Xuixo (/ca/; also known as xuxo; suso) is a viennoiserie from the city of Girona in Catalonia, Spain. It is a deep-fried, sugar-coated cylindrical product filled with crema catalana. Commonly eaten for breakfast or tea, it is honored as Producte de la Terra (Product of the home country) by the Department of Agriculture, Farming and Fishing of the Government of Catalonia.

It is assumed that this viennoiserie originated in 1920s Girona in a shop owned by Emili Puig in the Street Cort Reial. A French pâtisserie showed Puig the preparation of cream-filled viennoiserie and this inspired him to create the Xuixo.

This viennoiserie is very popular not only in Girona but has been also accepted in the surrounding areas and can also be found in Tarragona, Castellón de la Plana and Valencia.
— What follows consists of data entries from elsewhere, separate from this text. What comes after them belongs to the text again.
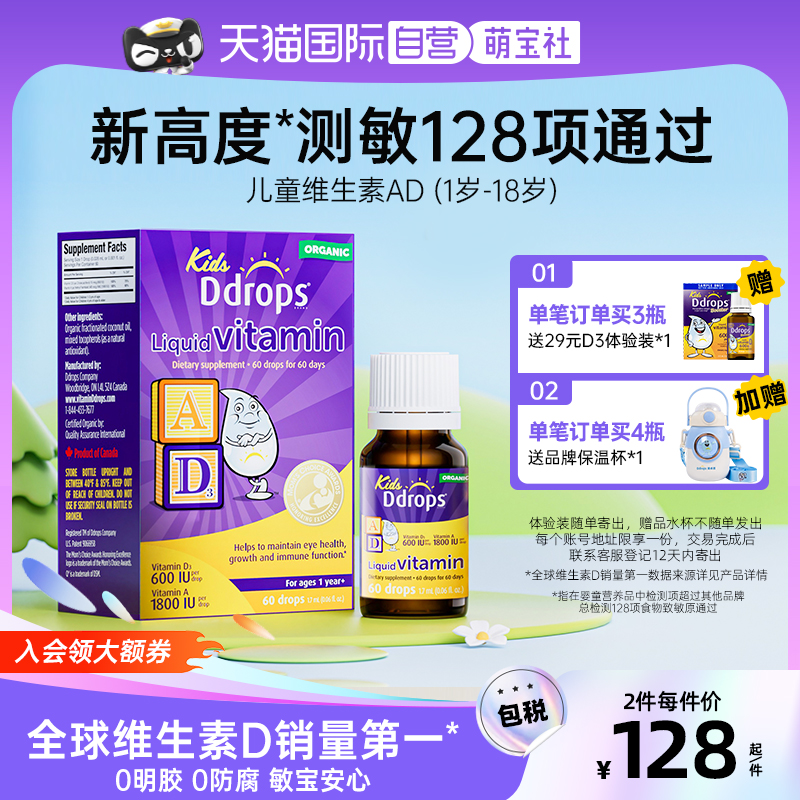 【自营】Ddrops滴卓思儿童ad滴剂一岁以上婴幼儿补钙宝宝维生素AD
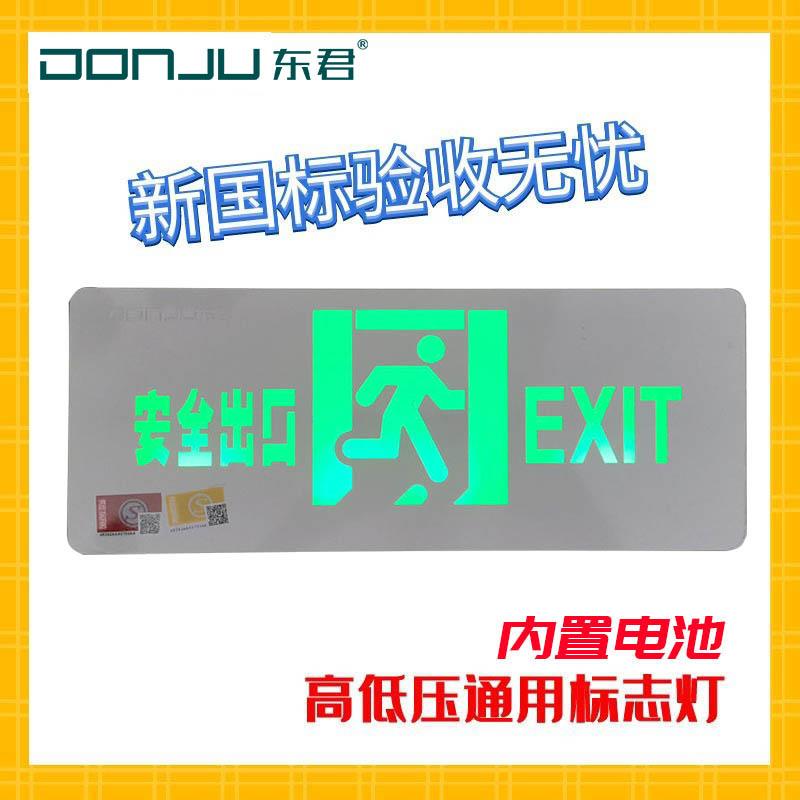 东君安全出口指示灯电池款接电消防应急疏散灯led停电智能逃生牌图片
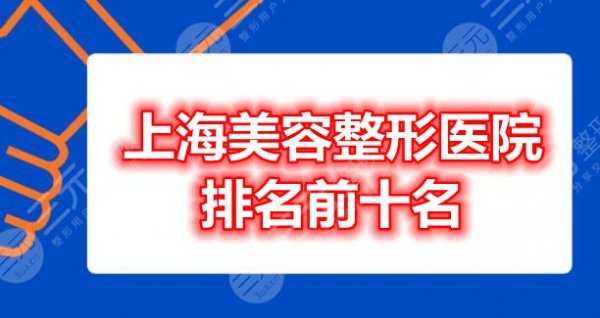 上海美容整形医院排名前十名:上海薇琳、上海美莱、愉悦美联臣... 上海美容整形医院排名前十名:上海薇琳、上海美莱、愉悦美联臣...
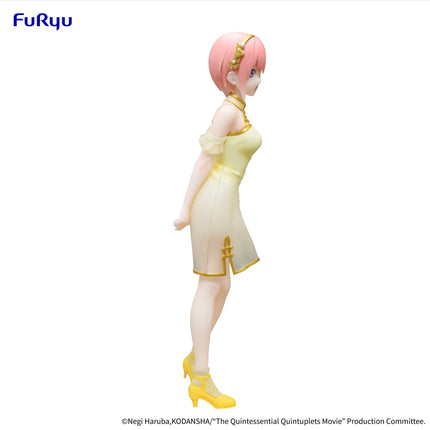 The Quintessential Quintuplets - Ichika Nakano - China Princess Ver. Minna no Kuji Figure (Furyu) — product image 7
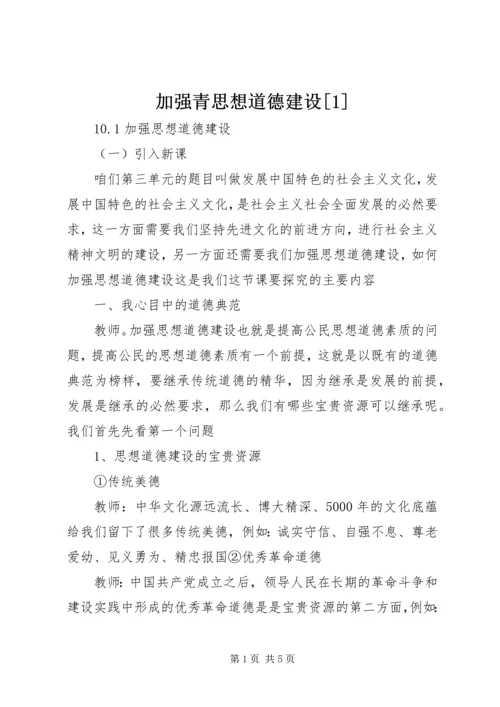 加强青思想道德建设[1] (2).docx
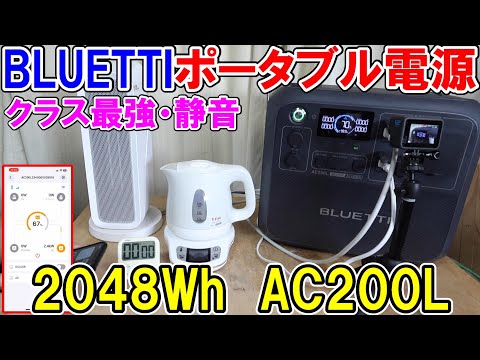 BLUETTIのポータブル電源AC200Lは2000Wクラス最強で超静音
In the second half of the 20th century it was one of the most demanded product in the Xurreries (pastry shops, churrerías) and nowadays it is commercialized by a candy brand that sells them not plain but with a chocolate icing.

== Legend ==
According to a legend in Girona, the invention of the Xuixo has to be credited to el Tarlà, a very sympathetic person that is very present in the legends of this area. This acrobat that entertained the citizens in a quarantine during an epidemic fell in love with the daughter of a pastry chef. Once, when he visited his beloved girl, her father appeared, and he hid in a bag of flour. Unfortunately, he sneezed (which sounds like xui-xui) and was discovered. Before the pastry chef could get angry, he promised to marry his daughter and to give him the recipe of a special pastry: the Xuixo. He named it after the sneeze that betrayed him. Nowadays, a figure of el Tarlà can be seen every year during the spring festivities when its copy is erected at the place where he had entertained the people of Girona.

== Xuixo procession ==
The foundation "Fundació Oncolliga Girona" and the government of Girona organize the popular procession Marxa del Xuixo. It is a procession in which the whole family participates and strolls through the streets of Girona to discover the city's natural surroundings. After the walk the participants are given Xuixos that have been prepared by the board of pastry chefs of Girona.